_YOUR TASK_
Give, as a bare number, the count of lines below that contain "Bedroom".

_Web page caption snippets_
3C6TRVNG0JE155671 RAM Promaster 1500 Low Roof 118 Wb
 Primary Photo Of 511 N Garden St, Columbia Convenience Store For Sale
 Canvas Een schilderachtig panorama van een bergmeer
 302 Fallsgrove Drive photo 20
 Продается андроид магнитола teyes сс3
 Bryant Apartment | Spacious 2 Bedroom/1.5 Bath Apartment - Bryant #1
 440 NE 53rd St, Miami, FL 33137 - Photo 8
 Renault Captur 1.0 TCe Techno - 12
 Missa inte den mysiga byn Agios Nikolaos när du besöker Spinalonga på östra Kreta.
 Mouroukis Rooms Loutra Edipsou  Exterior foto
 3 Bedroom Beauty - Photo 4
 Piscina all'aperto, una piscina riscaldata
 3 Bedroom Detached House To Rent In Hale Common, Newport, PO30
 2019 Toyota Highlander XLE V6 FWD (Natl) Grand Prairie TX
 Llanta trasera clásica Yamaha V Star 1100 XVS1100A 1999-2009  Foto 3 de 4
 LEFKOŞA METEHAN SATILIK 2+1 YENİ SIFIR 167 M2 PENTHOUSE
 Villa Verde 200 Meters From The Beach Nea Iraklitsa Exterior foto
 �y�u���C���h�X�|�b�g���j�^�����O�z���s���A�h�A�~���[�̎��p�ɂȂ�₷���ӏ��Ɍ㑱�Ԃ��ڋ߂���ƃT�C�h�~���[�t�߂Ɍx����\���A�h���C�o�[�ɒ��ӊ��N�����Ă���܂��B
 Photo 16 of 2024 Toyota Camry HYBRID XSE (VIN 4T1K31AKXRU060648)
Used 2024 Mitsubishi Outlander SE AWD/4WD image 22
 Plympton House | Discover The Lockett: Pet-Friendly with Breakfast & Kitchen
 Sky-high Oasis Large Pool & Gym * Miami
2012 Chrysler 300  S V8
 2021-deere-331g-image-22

_OUTPUT OF THE EXERCISE_
3